James Osborne, MBA, CFP

James Osborne, MBA, CFP

[Editor’s Note: This is a guest post from James D. Osborne, MBA, CFP®, of Bason Asset Management, a low-cost, fee-only ($4500 per year for financial planning and asset management) advisor in Colorado and one of my advertisers. This post is full of common-sense advice for a new attending.]

So you’ve spent the last decade or so getting educated, specializing, doing a residency and now you’re out, as an attending or in private practice. You’re getting a real paycheck – now what do you do? Your first five steps:

1) Do nothing.  

No new house, no new car, no big lifestyle changes.  Just wait a bit.  Yes, you  have a nice new paycheck but you also have nice big student loan payments and you are not used to how much money is in that paycheck.  Before you make big lifestyle changes, take six months to get used to your new income.  If you want to get ahead financially, the first step is not parting with every dollar that comes in.  So maintain your resident-like lifestyle for a while and start tackling the rest of this list.

2) Build savings.  

Let’s face it, your balance sheet is ugly right now.  Lots of debt, not a lot of cash, probably even less invested for retirement. If you don’t have one already, you need to have a cushion in a savings account. There are endless rules-of-thumb about this (3 months livings expenses, 6 months, etc) but let’s pick a target: $25,000. You’re gainfully employed now in what should be a stable position, so unemployment is not the risk most of you face. But cars break down, refrigerators and furnaces quit, unexpected trips to see family and attend weddings and go to graduations will come up.  Start right now putting money away into savings – real money.  At least $500 a month.

3) Get disability insurance.

You have now invested hundreds of thousands of dollars in your future earning potential and you need to protect it.  Get competitive quotes from multiple carriers and make sure you understand the differences between policies. PLEASE work with an independent agent who can show you multiple quotes and specializes in disability insurance.  If you don’t know anything about disability insurance, The White Coat Investor has already done an excellent job giving you a primer – go read it here.  Most surgeons and specialists will want an “Own Occupation” rider that specifically covers your ability to practice in your specialty. You also want a Non-Cancelable/ Guaranteed Renewable policy.  Again, discussed by WCI here, but the short end is you do not want to give the insurance company any opportunity to raise premiums, reduce benefits or cancel your policy once it is in place.

4) Make a plan of attack for your student loans

Getting to where you are now wasn’t free and the interest tab on your student loans is running up.  Stafford loan rates are now at 6.8%, not cheap by today’s standards. Private loans can be higher. There are varying schools of thought on debt repayment – the snowball method (attack the smallest balance first) or the highest-rate-first strategy.  The snowball method is very emotionally satisfying – actually seeing a debt close and go away.  A highest-rate-first strategy will result in less interest paid over time.  Whichever you choose, you need a plan of attack.  A 6.8% guaranteed return is tough to beat and many doctors would do themselves well in making debt repayment a top priority. [Especially with the recent threats to the Public Service Loan Forgiveness program-ed]

David Denniston Ad 15) Start saving for retirement now

Whether you are an employee, an independent contractor, self-employed or a partner in a private practice, research your retirement account options. Employees may have access to a workplace retirement plan such as a 401(k) or a SIMPLE-IRA [SIMPLEs are generally used by employers that hate you and don’t want you to ever retire-ed]. Self-employed individuals or business owners may have these and other options (including an individual 401(k), a SEP-IRA or plain old IRA) to evaluate. While this need must be balanced with repaying student loans, the power of compounding is on your side while you are young.  Even if you are aggressively paying down debt, consider putting away 5-10% of your pre-tax income into an available retirement plan (and of course only invest in index funds).

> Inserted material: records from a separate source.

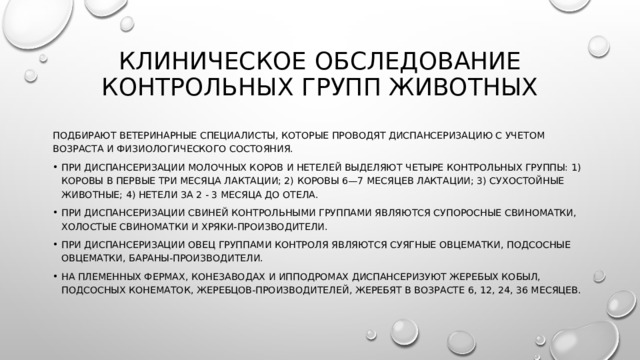 Клиническое обследование контрольных групп живот­ных подбирают ветеринарные специалисты, которые проводят диспансеризацию с учетом возраста и физиологического состояния. При диспансеризации молочных коров и нетелей выделя­ют четыре контрольных группы: 1) коровы в первые три ме­сяца лактации; 2) коровы 6—7 месяцев лактации; 3) сухо­стойные животные; 4) нетели за 2 - 3 месяца до отела. При диспансеризации свиней контрольными группами являются супоросные свиноматки, холостые свиноматки и хряки-производители. При диспансеризации овец группами контроля являются суягные овцематки, подсосные овцематки, бараны-производители. На племенных фермах, конезаводах и ипподромах диспансеризуют жеребых кобыл, подсосных конематок, жеребцов-производителей, жеребят в возрасте 6, 12, 24, 36 месяцев. 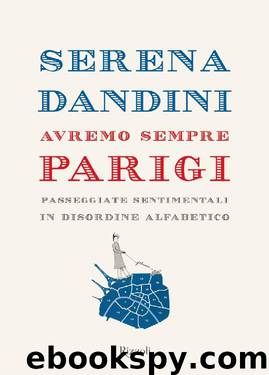 Avremo sempre Parigi: passeggiate sentimentali in disordine alfabetico by Serena Dandini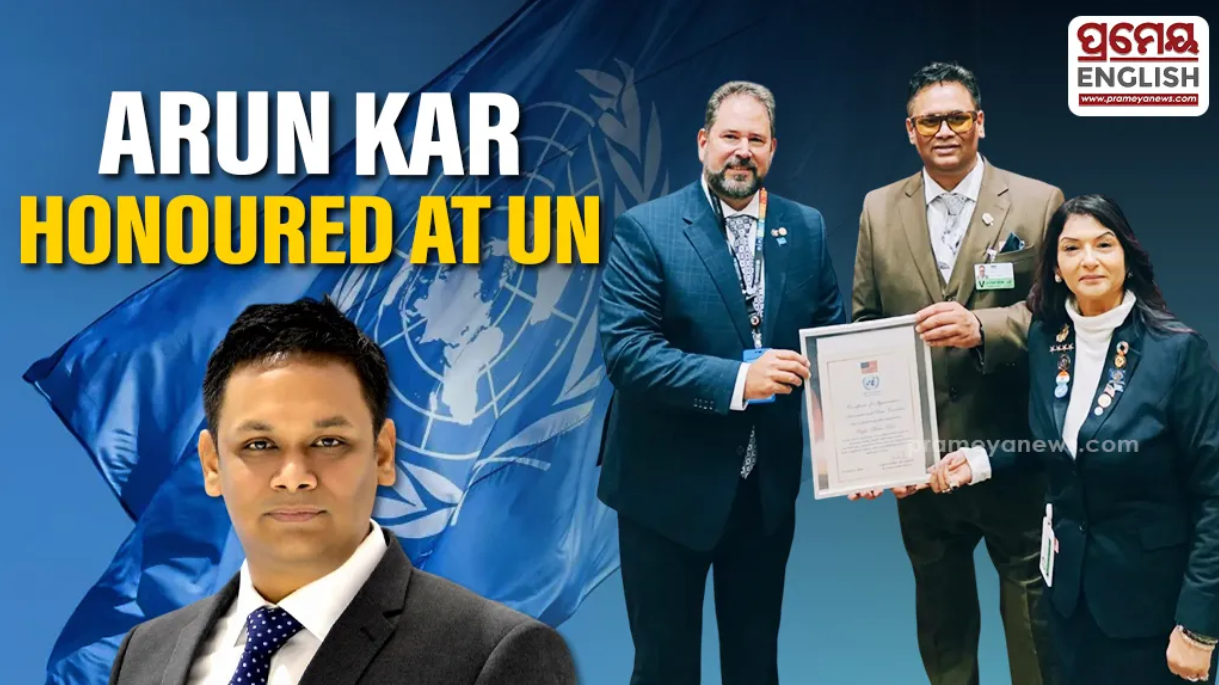 Odisha's Arun Kar honoured at United Nations for Outstanding Humanitarian Contributions – Arun Kar News Coverage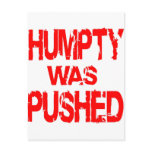 Humpty Was Pushed postcards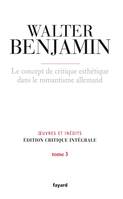 Oeuvres et inédits / Walter Benjamin, 3, Le concept de critique esthétique dans le romantisme allemand, Oeuvre et inédits. Edition critique des oeuvres complètes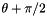 $\theta+\pi/2$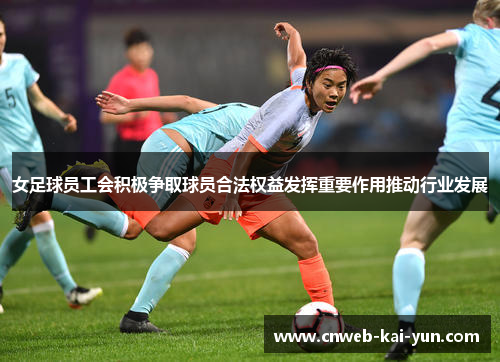 女足球员工会积极争取球员合法权益发挥重要作用推动行业发展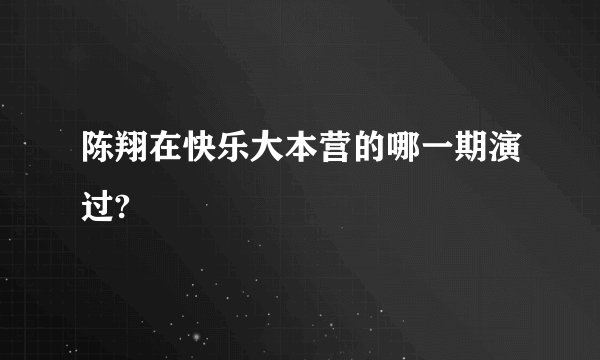 陈翔在快乐大本营的哪一期演过?
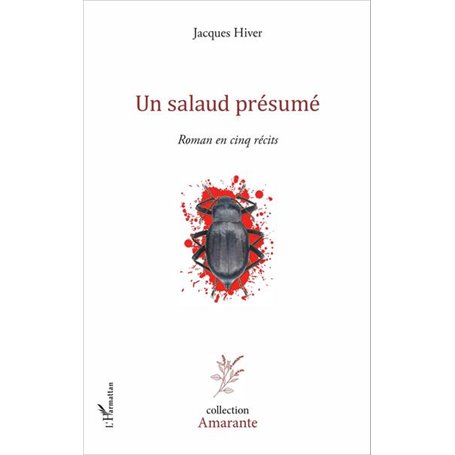 Un salaud présumé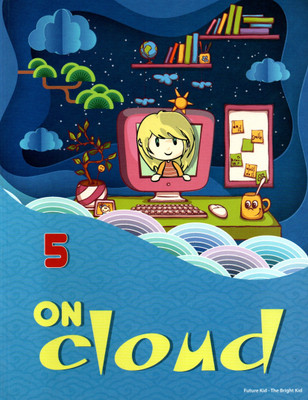 On Cloud Class - 5(Paperback, AKRITI ABROL)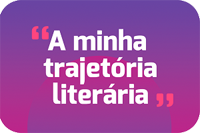 Minha trajetória literária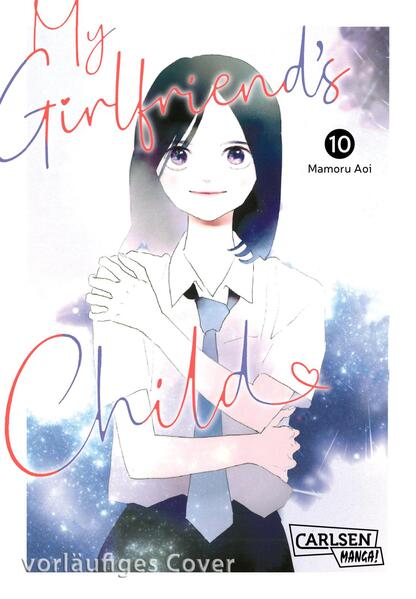 Produktbild: My Girlfriend's Child 10 | Mamoru Aoi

Above all else, understand this: the single largest determining factor for your future financial success is the relationship between your income and your lifestyle. I have worked with plenty of clients and seen school teachers who retired comfortable at 60 because they lived within their means and seen business owners bringing home $200,000 and unable to retire because their spending habits grew in lockstep with their incomes for decades.  Everything else is important: insurance, getting out of debt, investment policy, investment costs and taxes, but these things combined pale in comparison to the simple truth that you must spend less than you bring in if you ever want to reach financial independence. If you start this habit early, it is easy to continue.  If you get behind, it can be incredibly difficult to change.